# cattle prices in the dumper



## wynedot55 (Nov 4, 2008)

took 6 bulls to the sale barn yesterday.3 ended up getting out.so they will go another day.an prices are down.but not as bad as it could be.they aved 753lbs an broght an ave price of .69 a lb.had 1 lowball calf that brought .55lb but he was meaner than snott.


----------



## Farmer Kitty (Nov 4, 2008)

wynedot55 said:
			
		

> 1 lowball calf that brought .55lb but he was meaner than snott.


 There always seems to be one of those! 

Bulls at the sale barn we use on yesterday's market:
Beef Bulls 52-60


----------



## wynedot55 (Nov 4, 2008)

i thought they did pretty good for heavy weight calves.the lowball calf killed the ave though.


----------



## Farmer Kitty (Nov 4, 2008)

Not bad at all. Our local sale barn didn't sell beef bull calves yesterday so, I couldn't price a calf-if that's what they sold under. The bull calves sold here yesterday would mostly be the dairy calves which brought: 69% of the Bull Calves Sold 50.00 - 105.00 per head.

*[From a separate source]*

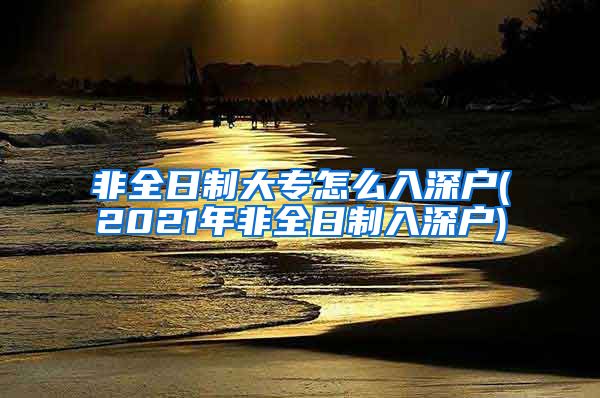 非全日制大专怎么入深户(2021年非全日制入深户)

But a beef breed is different and judging by the dairy price and doing a rough beef price by it, you didn't do bad at all!


----------



## wynedot55 (Nov 4, 2008)

those are real good calf prices.


----------



## Thewife (Nov 4, 2008)

A friend that BUYS at our local sale barn, said prices are good for him!

I gotta ask, what breed were the escapees?


----------



## wynedot55 (Nov 4, 2008)

beefmaster crosses they jumped out of the 2nd holding lot.an that lot is made with cheap panels.the main corral is a drill stem pipe corral 6ft tall.


----------



## Thewife (Nov 4, 2008)

It's things like that, that keeps Hubby from letting me go Beefmasters or get too much Brahma blood in the herd! 
How about instead of using the word "jumped", we just say "the step brats let them out"?


----------



## wynedot55 (Nov 4, 2008)

the truth is i think a cow jumped out.an the knotthead calves followed her.if they was good panels.they would have never jumped the fence.


----------



## Farmer Kitty (Nov 4, 2008)

Any breed can jump or go through fences.


----------



## Thewife (Nov 4, 2008)

Farmer Kitty said:
			
		

> Any breed can jump or go through fences.


That's true! 

I keep trying to tell Hubby, "look, the Brahmas are so good at it, they hardly ever take the fence with them!"


----------



## Farmer Kitty (Nov 4, 2008)

thewife said:
			
		

> Farmer Kitty said:
> 
> 
> 
> ...


A Bonus! Who likes to fix fence?


----------



## Thewife (Nov 4, 2008)

Farmer Kitty said:
			
		

> thewife said:
> 
> 
> 
> ...


That's what I say!

The last three fence breakers we had, didn't have a drop of Brahma in them! If they would have been able to jump like a Brahma, it would have saved me a lot of work!


----------



## grass (Nov 4, 2008)

when should i start to worrie about the calf i got getting out of my whimpy makeshift pen.it's only about 50'x40'   steel post on the sides and wood post in the corners?barbed wire ...i hear about 4 months they start getting frisky and attitudes


----------



## Farmer Kitty (Nov 4, 2008)

They can get frisky at any age. It really depends on the calf as to when/if it will break loose from your pen. I like the livestock panels for calves and small heifers. Then if you intend to put them out on an electric fence you can run a strand inside it to teach them what it is but, they won't be getting out in the meantime.


----------



## wynedot55 (Nov 4, 2008)

if you built a good tight solid fence.he should never get out of it.an if he gets out.find the hole an fix it.


----------



## Farmer Kitty (Nov 4, 2008)

wynedot55 said:
			
		

> if you built a good tight solid fence.he should never get out of it.an if he gets out.find the hole an fix it.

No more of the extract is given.